▸ Task item
Repeat the span of the entries below that starts at the line with "Baseus HDMI 2.1" and ends at the line with "Van khóa + dây cấp nước TOTO HAP004A-F", nothing more. Skip the pictures.

▸ Records shown
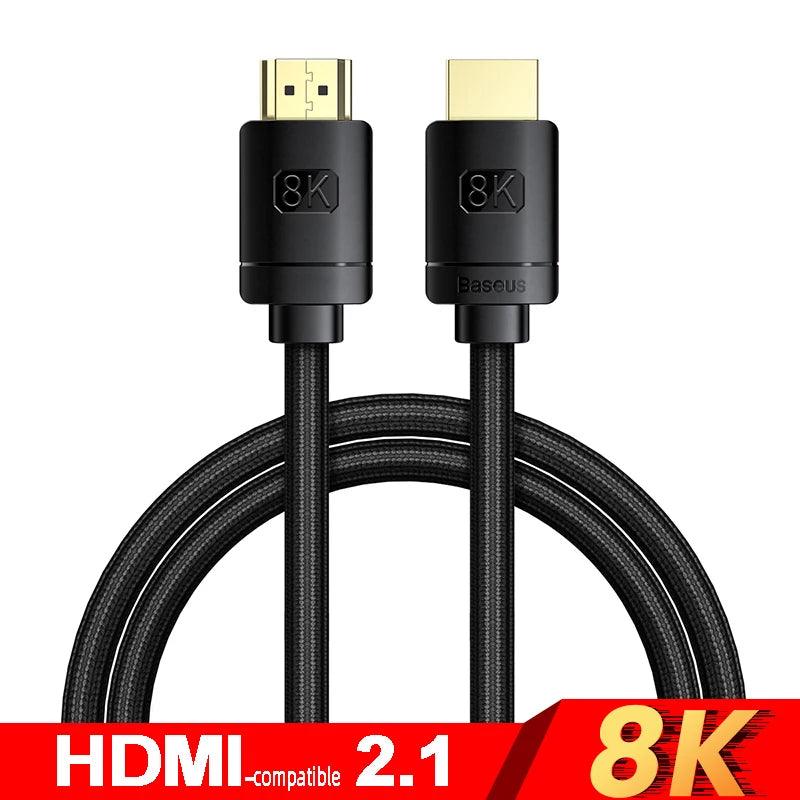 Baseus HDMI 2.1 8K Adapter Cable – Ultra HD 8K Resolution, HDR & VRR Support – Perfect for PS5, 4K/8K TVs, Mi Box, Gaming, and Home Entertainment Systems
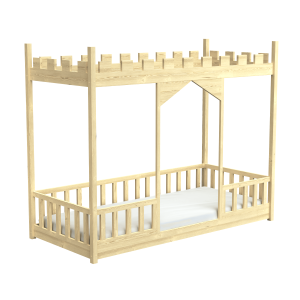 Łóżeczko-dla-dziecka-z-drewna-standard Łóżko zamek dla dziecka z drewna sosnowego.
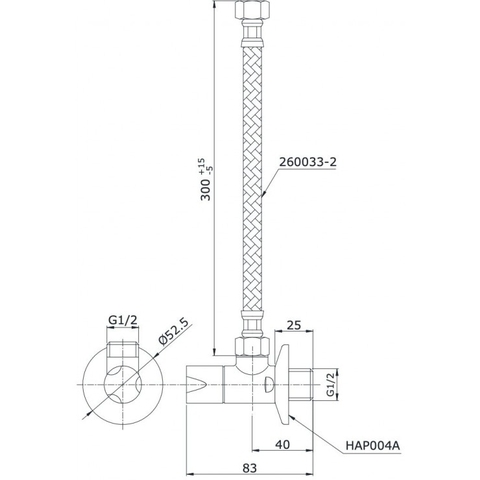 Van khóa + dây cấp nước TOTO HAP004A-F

==

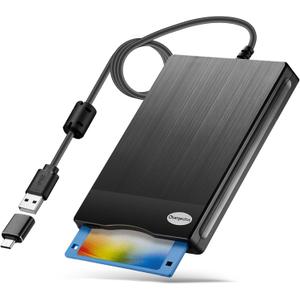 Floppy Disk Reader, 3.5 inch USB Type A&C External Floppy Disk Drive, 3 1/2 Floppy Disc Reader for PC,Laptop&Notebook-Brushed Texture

==

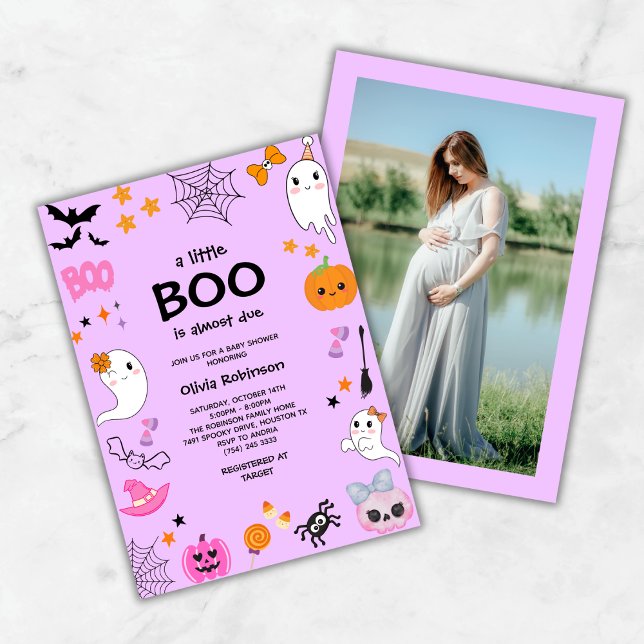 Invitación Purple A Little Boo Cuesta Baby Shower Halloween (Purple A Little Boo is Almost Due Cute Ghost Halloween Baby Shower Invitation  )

▸ Finished exercise
 Baseus HDMI 2.1 8K Adapter Cable – Ultra HD 8K Resolution, HDR & VRR Support – Perfect for PS5, 4K/8K TVs, Mi Box, Gaming, and Home Entertainment Systems
 Łóżeczko-dla-dziecka-z-drewna-standard Łóżko zamek dla dziecka z drewna sosnowego.
 Van khóa + dây cấp nước TOTO HAP004A-F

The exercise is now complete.